→ Aim of the task: Starting with the line that contains "EAI Polished Chrome", copy out each line through the end of the entries below, exactly as written, and nothing else.

→ Record extracts:
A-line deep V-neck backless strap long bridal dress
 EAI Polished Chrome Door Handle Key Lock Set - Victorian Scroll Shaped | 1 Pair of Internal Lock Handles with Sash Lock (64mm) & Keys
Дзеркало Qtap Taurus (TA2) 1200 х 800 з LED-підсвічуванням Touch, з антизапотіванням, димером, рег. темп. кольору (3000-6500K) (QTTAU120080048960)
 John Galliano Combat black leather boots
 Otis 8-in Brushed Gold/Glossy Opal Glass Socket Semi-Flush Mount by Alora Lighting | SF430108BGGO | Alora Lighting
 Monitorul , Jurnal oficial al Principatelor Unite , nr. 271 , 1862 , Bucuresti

→ Your solution:
 EAI Polished Chrome Door Handle Key Lock Set - Victorian Scroll Shaped | 1 Pair of Internal Lock Handles with Sash Lock (64mm) & Keys
Дзеркало Qtap Taurus (TA2) 1200 х 800 з LED-підсвічуванням Touch, з антизапотіванням, димером, рег. темп. кольору (3000-6500K) (QTTAU120080048960)
 John Galliano Combat black leather boots
 Otis 8-in Brushed Gold/Glossy Opal Glass Socket Semi-Flush Mount by Alora Lighting | SF430108BGGO | Alora Lighting
 Monitorul , Jurnal oficial al Principatelor Unite , nr. 271 , 1862 , Bucuresti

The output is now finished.